_Recorded information_:
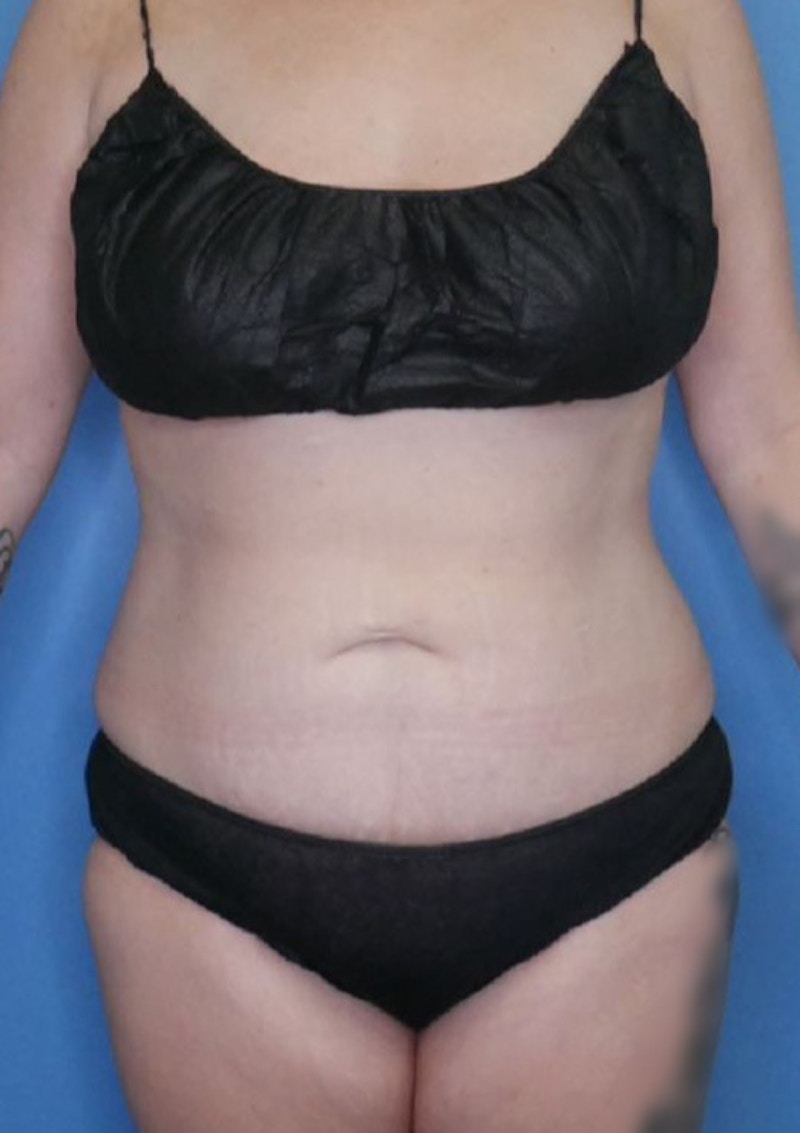 Mini Tummy Tuck Before & After Gallery - Patient 83594394 - Image 2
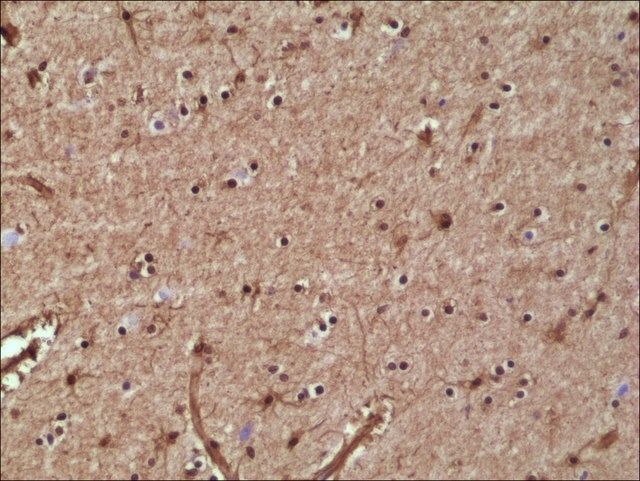 Anti-GST3/GST pi antibody, Rabbit monoclonal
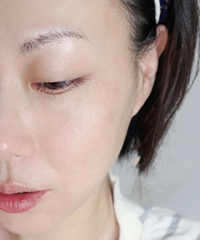 记录我的第一次光子嫩肤,分享真实感受,还发现一个意外的作用…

_The problem_:
Retype the whole listing above exactly as written. Skip the pictures.

_Answer space_:
 Mini Tummy Tuck Before & After Gallery - Patient 83594394 - Image 2
 Anti-GST3/GST pi antibody, Rabbit monoclonal
 记录我的第一次光子嫩肤,分享真实感受,还发现一个意外的作用…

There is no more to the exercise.